Task to complete |
Sort through the entries below and pull out lines containing the word "online".

Record set |
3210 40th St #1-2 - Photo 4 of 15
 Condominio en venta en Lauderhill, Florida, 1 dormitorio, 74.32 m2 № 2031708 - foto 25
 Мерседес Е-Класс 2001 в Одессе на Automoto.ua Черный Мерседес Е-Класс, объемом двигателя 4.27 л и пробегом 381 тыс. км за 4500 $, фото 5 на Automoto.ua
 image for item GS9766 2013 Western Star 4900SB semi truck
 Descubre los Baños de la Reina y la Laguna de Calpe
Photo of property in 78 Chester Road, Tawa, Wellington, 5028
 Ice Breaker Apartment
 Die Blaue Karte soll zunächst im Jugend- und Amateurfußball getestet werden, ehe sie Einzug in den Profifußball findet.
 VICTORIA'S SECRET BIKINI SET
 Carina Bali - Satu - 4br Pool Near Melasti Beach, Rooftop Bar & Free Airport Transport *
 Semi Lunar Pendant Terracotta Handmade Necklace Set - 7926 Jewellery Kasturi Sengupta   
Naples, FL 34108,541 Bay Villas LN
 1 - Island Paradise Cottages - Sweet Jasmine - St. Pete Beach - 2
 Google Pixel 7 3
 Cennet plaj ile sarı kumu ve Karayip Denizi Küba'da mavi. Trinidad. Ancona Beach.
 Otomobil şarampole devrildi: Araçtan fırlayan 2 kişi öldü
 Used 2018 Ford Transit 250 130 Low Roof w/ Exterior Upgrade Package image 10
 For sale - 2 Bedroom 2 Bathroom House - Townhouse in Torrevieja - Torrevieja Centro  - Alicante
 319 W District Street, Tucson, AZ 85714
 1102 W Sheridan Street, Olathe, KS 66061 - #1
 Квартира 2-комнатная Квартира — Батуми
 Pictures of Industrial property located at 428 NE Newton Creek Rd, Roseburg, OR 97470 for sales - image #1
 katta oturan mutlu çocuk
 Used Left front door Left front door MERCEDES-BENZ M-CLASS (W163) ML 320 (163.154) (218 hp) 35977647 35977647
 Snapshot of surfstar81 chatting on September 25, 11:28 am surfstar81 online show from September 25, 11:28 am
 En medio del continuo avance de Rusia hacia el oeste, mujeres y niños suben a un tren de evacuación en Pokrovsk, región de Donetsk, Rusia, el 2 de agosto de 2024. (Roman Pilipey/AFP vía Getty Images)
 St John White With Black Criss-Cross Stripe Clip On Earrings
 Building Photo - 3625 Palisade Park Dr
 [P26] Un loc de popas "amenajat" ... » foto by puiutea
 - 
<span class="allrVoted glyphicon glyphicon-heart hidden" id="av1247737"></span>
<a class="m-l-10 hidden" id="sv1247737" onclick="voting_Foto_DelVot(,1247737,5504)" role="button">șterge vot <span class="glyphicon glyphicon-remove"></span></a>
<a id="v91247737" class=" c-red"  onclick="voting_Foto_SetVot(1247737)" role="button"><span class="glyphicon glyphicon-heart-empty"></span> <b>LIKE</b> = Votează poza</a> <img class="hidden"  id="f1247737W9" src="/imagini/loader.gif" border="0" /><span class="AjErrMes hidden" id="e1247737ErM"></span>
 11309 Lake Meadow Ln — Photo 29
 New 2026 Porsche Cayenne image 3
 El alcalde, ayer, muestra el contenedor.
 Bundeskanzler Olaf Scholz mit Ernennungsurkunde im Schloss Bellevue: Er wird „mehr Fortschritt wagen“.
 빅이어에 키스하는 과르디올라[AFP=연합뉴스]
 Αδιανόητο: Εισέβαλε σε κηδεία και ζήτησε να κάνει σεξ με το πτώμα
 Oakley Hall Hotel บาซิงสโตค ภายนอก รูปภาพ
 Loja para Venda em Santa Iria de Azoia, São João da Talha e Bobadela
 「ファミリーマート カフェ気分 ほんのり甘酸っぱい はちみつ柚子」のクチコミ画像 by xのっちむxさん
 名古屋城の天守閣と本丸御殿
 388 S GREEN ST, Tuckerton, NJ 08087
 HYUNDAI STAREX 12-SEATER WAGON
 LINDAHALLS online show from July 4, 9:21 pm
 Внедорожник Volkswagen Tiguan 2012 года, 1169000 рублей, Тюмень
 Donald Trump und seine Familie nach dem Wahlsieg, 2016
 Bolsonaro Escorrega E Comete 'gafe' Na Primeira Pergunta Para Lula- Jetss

Reply to the task |
 Snapshot of surfstar81 chatting on September 25, 11:28 am surfstar81 online show from September 25, 11:28 am
 LINDAHALLS online show from July 4, 9:21 pm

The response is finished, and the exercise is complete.